WORK INSTRUCTION: Exactly as they appear below, repeat the lines from the one with "VTG Lingerie Bra" through the one with "Докладът за сливане". Drop every picture.

── MATERIALS PROVIDED ──

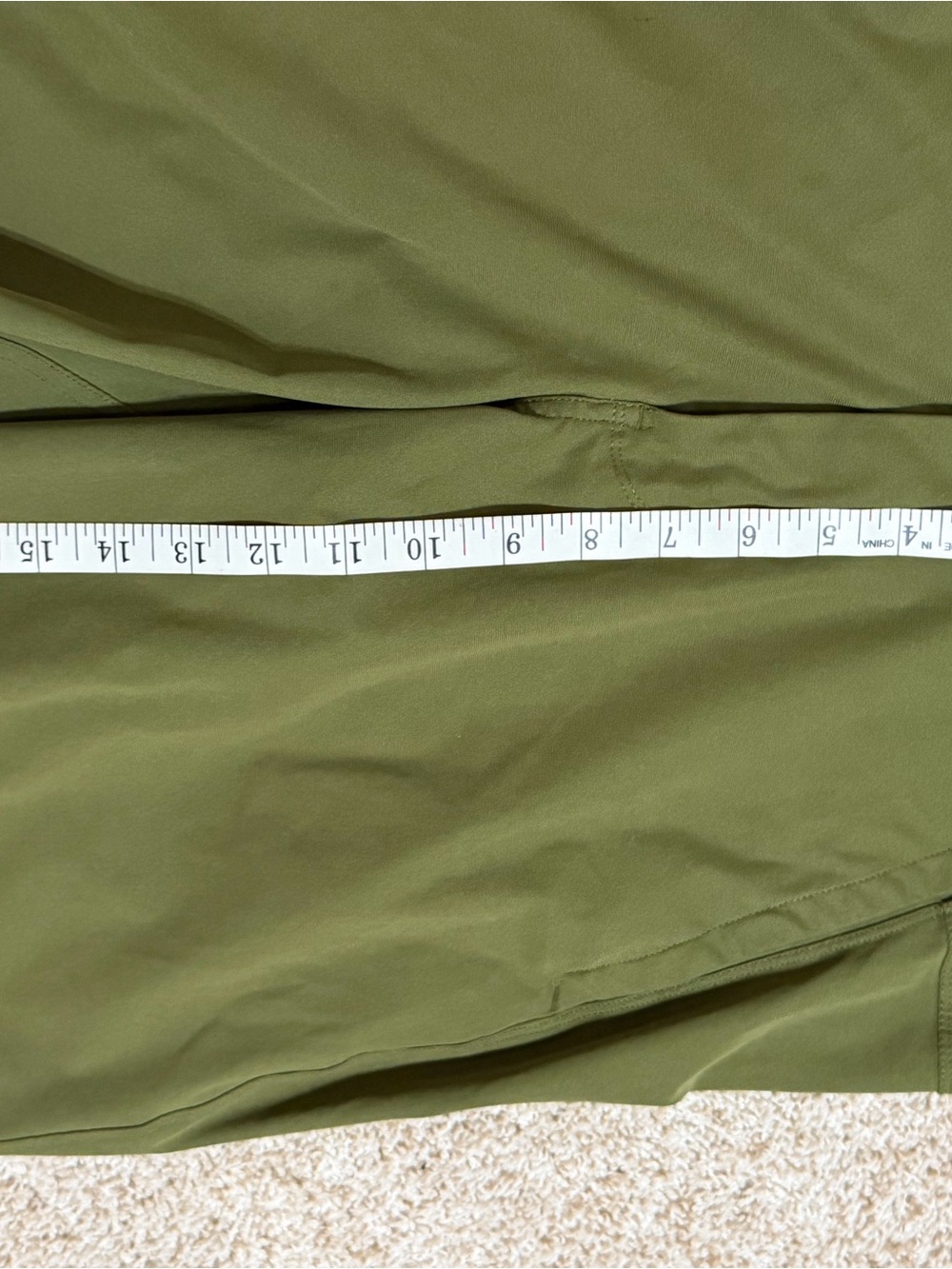 Lululemon 34 w/stretch Olive Green Men's Shorts - Picture 6 of 8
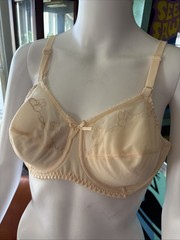 VTG Lingerie Bra BALI Union Made USA 36B Ivory Everyday Underwire EUC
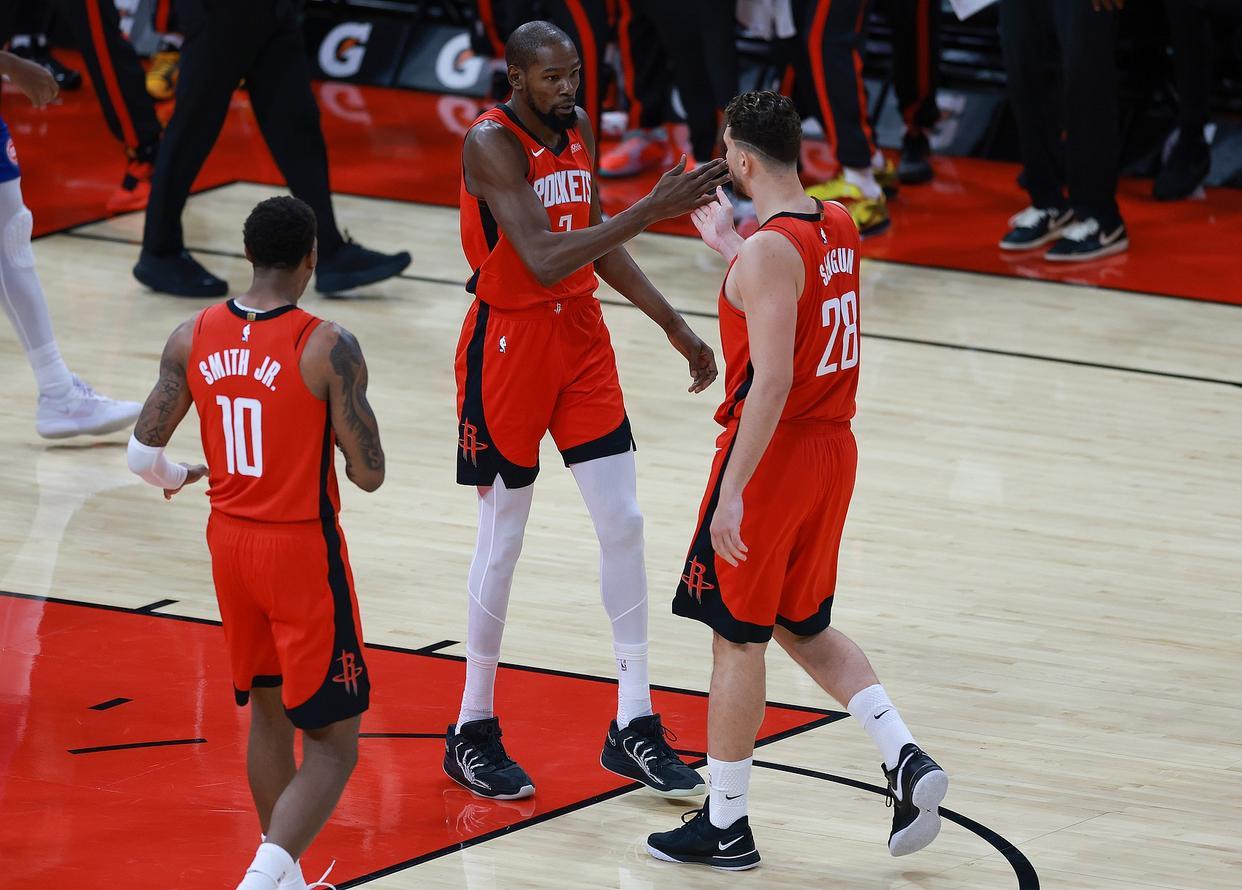 开云APP-火箭谢泼德双喜临门！轰19+7+10准三双，2数据创新高，或长任首发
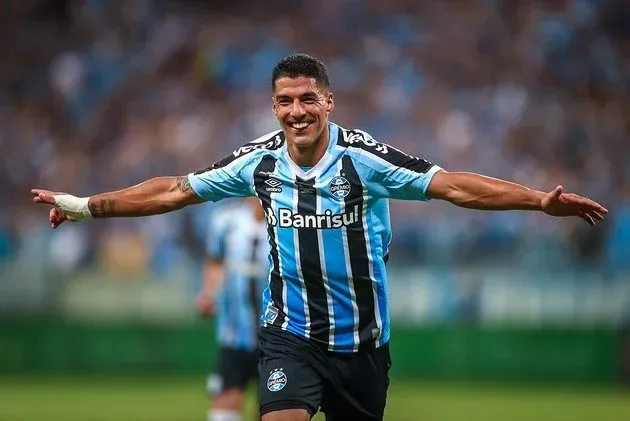 Foto: Lucas Uebel/Grêmio/Divulgação – Suárez avalia anunciar a aposentadoria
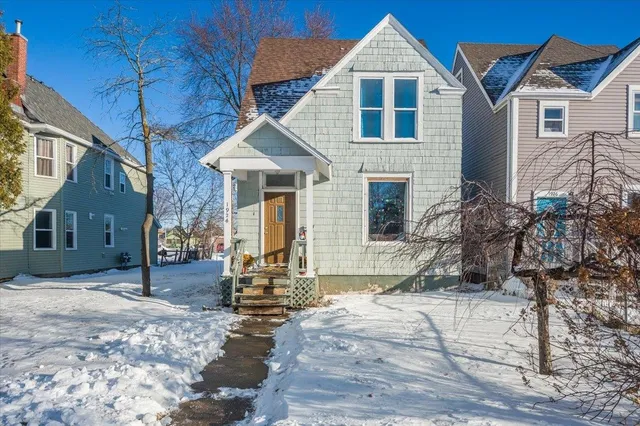 $237,500 | 1924 Banks Avenue, Superior, WI 54880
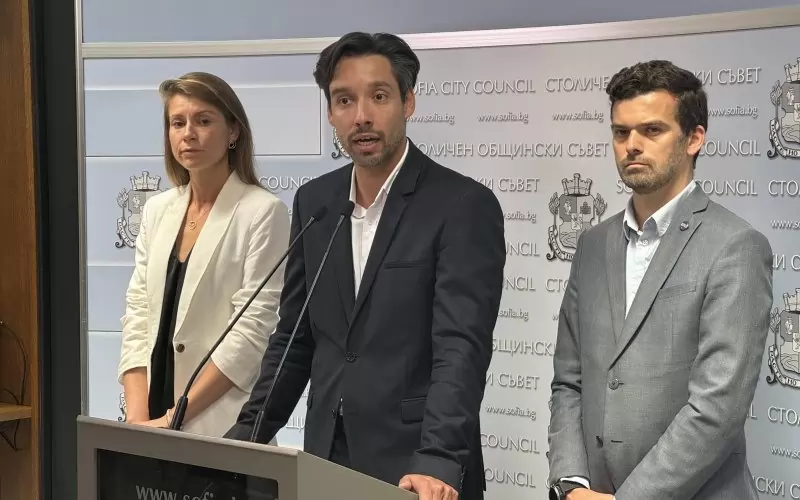 Докладът за сливане на дружествата вече е внесен в деловодството на СОС. 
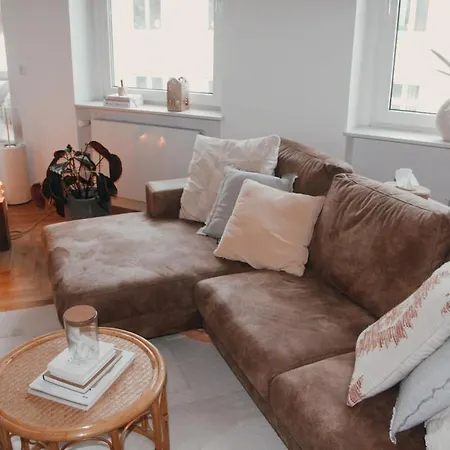 Stilvolle, Moderne Mit Balkon Und Kamin Nahe Duesseldorf&koeln Wuppertal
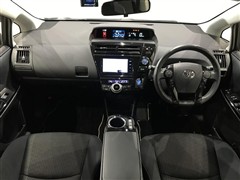 プリウスアルファSチューンブラック2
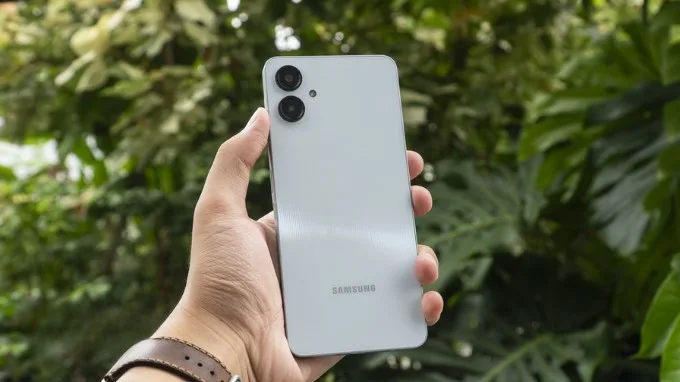 Thiết kế Samsung Galaxy A06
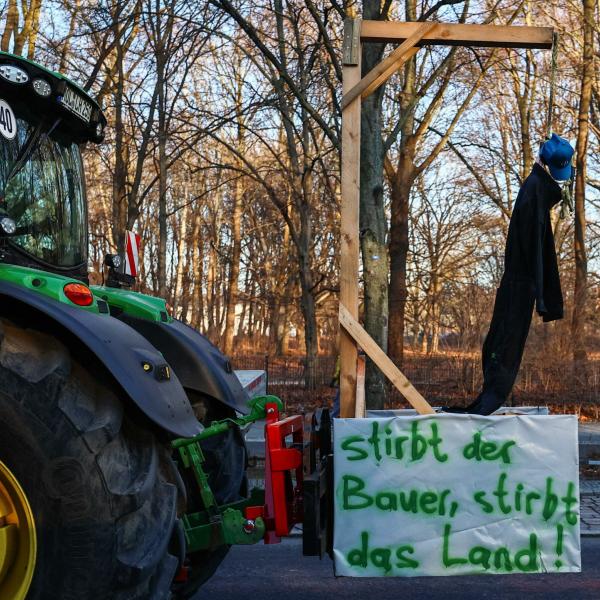 Germania, la protesta dei trattori agita Berlino: gli agricoltori scendono in strada contro Olaf Scholz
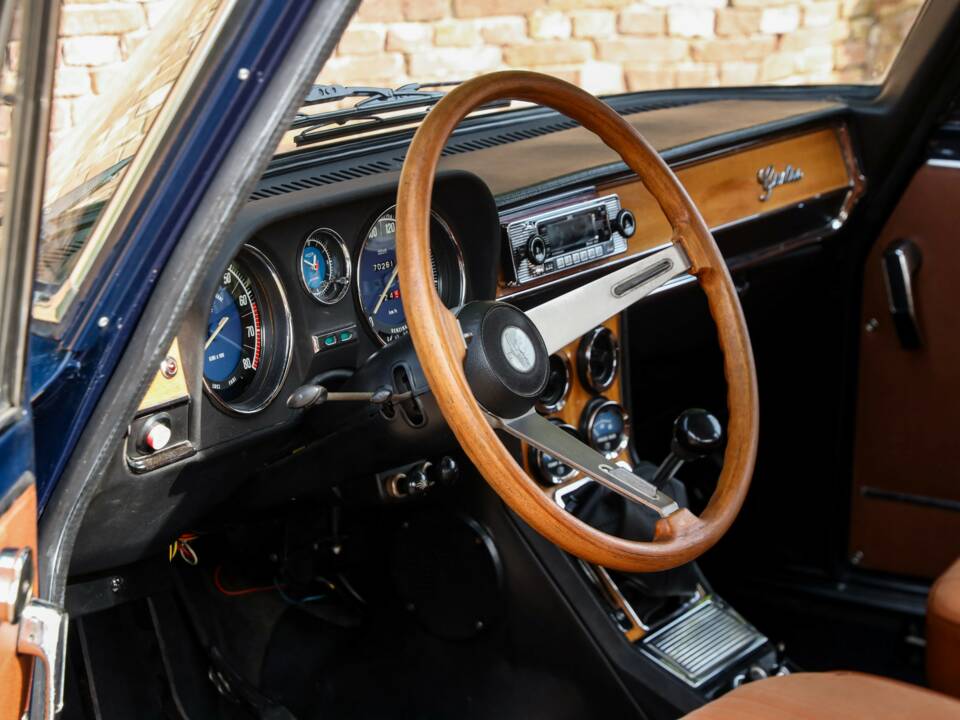 Image 3/50 of Alfa Romeo Giulia Nuova Super 1300 (1975)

───

WRITTEN SOLUTION:
 VTG Lingerie Bra BALI Union Made USA 36B Ivory Everyday Underwire EUC
 开云APP-火箭谢泼德双喜临门！轰19+7+10准三双，2数据创新高，或长任首发
 Foto: Lucas Uebel/Grêmio/Divulgação – Suárez avalia anunciar a aposentadoria
 $237,500 | 1924 Banks Avenue, Superior, WI 54880
 Докладът за сливане на дружествата вече е внесен в деловодството на СОС. 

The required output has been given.